Mid Coast: Boothbay Harbor, Camden & Rockport offer waterfront hotels & resorts
Mid-Coast: Craggy coastlines, fishing towns, windjammers
Extending from the Freeport area to Penobscot Bay, the Mid Coast is an idyllic region of rocky inlets, lighthouses, fishing ports, and rugged islands where visitors can explore the coastline, eat fresh lobster, and rest in a comfortable inn. Famous towns include Boothbay Harbor, Monhegan Island, Vinalhaven, Rockland, Camden, and Bath.
Boothbay Harbor is a busy fishing village. Visitors, like families with curious kids, can mingle with lobstermen and watch boats come and go. Many visitors explore the shoreline around Boothbay Harbor in sea kayaks.

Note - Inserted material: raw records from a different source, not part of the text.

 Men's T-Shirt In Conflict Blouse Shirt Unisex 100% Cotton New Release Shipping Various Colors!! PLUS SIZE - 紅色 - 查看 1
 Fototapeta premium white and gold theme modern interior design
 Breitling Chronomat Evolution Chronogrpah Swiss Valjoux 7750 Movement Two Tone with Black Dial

About 900 acres of land is preserved from development and filled with miles of hiking trails. This town also is a departure point by ferry for trips to Monhegan Island. For more than 100 years, Monhegan has been a summer haven for artists.

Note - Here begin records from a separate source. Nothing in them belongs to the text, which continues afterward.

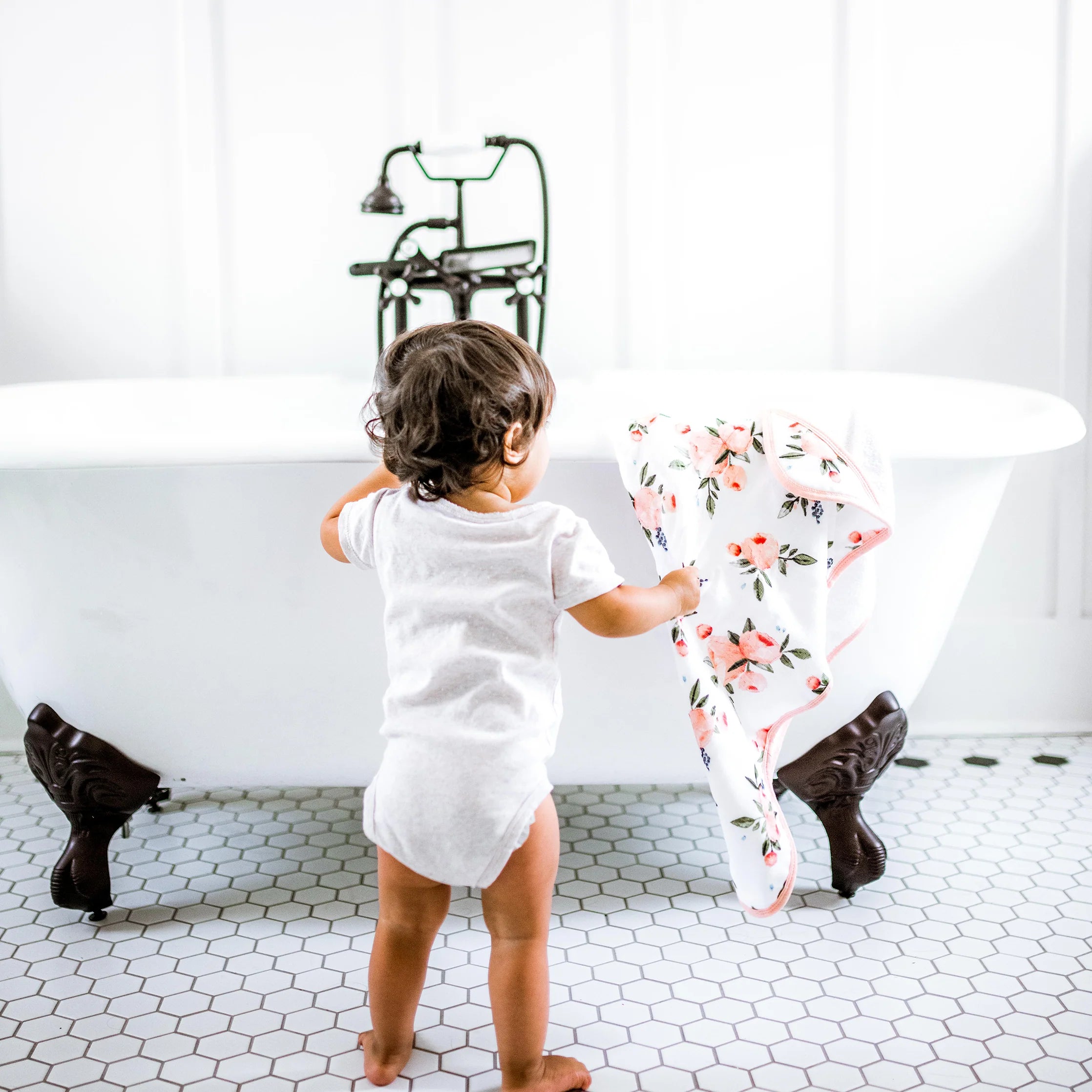 Cotton Hooded Infant Towel- Watercolor Roses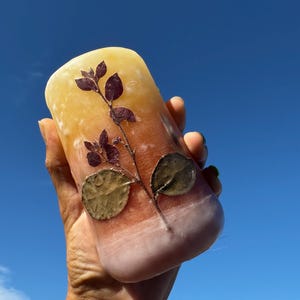 Handmade Pressed flower Candle Pillar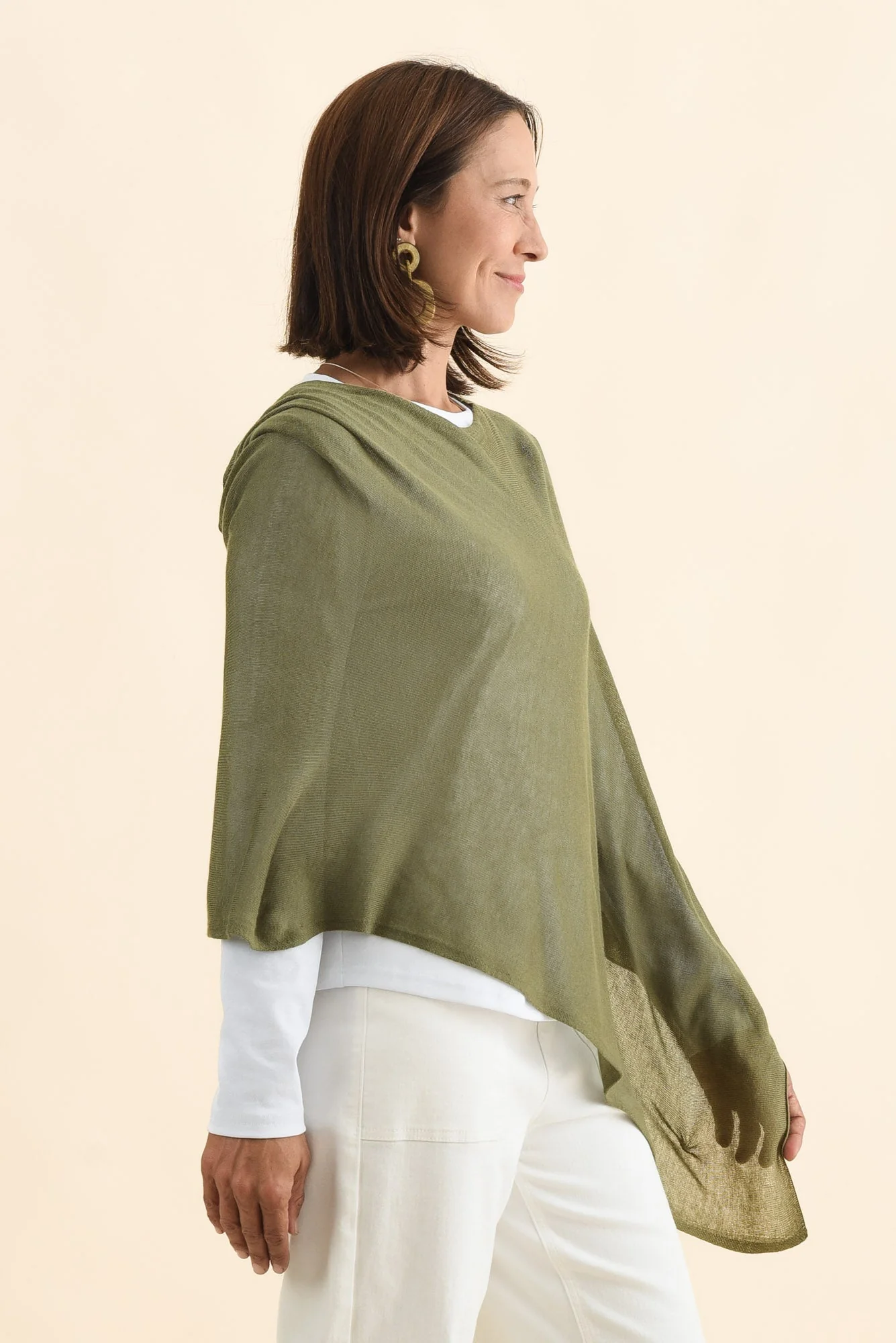Carrie Olive Cashmere Bamboo Poncho - Image 3
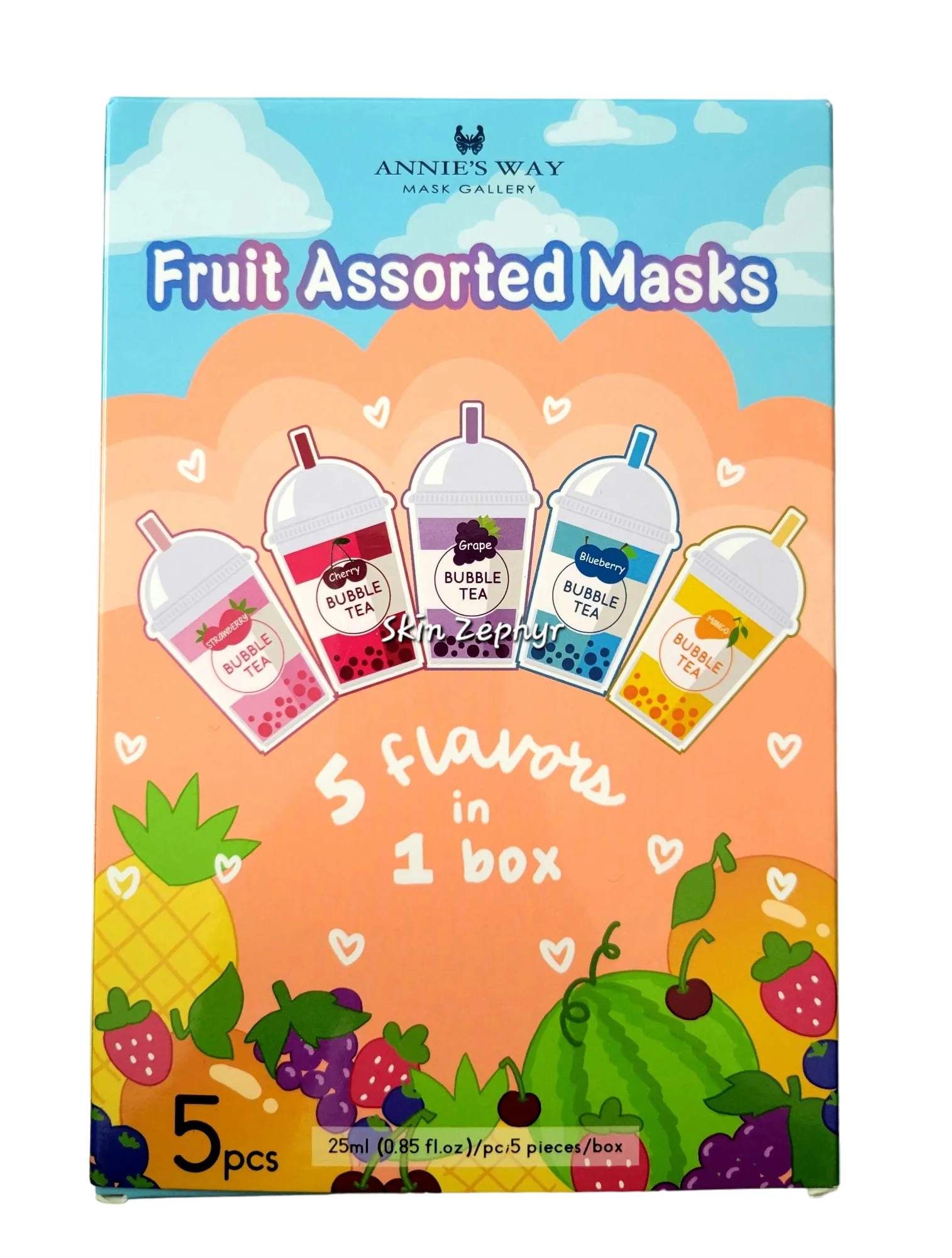 Annie's Way Bubble Tea Fruit Assorted Masks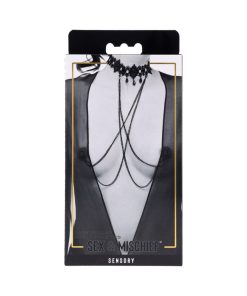 Sportsheets Sex & Mischief Lace Collar With Nipple Ties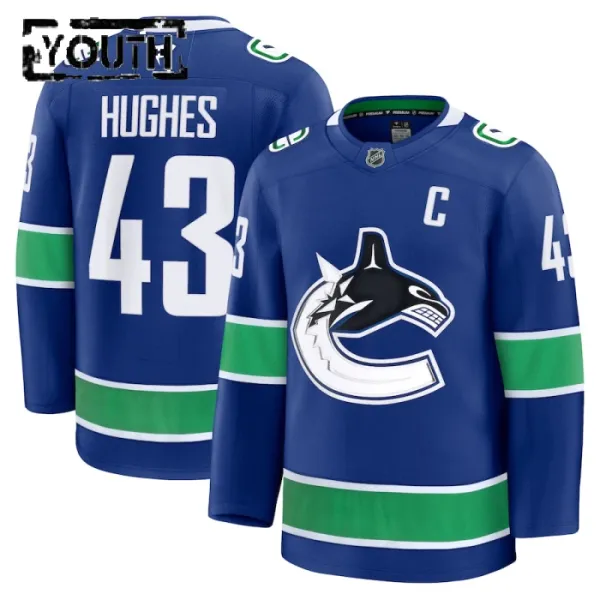 Fanatics Vancouver Canucks Quinn Hughes Lasten Pelipaita 2024-2025 Koti Premium Sininen Fanatics Vancouver Canucks Quinn Hughes Lasten Pelipaita 2024-2025 Koti Premium Sininen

Another special place along the Mid Coast is the town of Rockland, filled with delightful art galleries, award-winning restaurants, and shops. Owl’s Head Light, one of three lighthouses in the area, is visible in Rockland Harbor. A once-in-a-lifetime experience is a cruise on a Maine windjammer sailing vessel. The Maine Windjammer Association manages fleet of nine of these classic ships, whose spiky profiles have hugged Maine coasts for generations. They sail from Ports in Rockland and Camden on a variety of cruises.
At the town of Camden, between Penobscot Bay and the Camden Hills, vacationers can take an easy hike up Mount Battie. In the winter, skiers at Camden Snow Bowl on Ragged Mountain can simultaneously glide down challenging ski slopes while enjoying a thrilling ocean vista. Another must-see town is Rockport, which has a thriving arts community and a 19th-century opera house.
No matter where you land in the Mid Coast region, natural and small-town beauty is all around you. It is a place to browse for antiques, attend a country auction, visit a museum, take in a play or concert, or go biking or kayaking. In the winter, go skiing, skating, or tobogganing, or just curl up by the fire.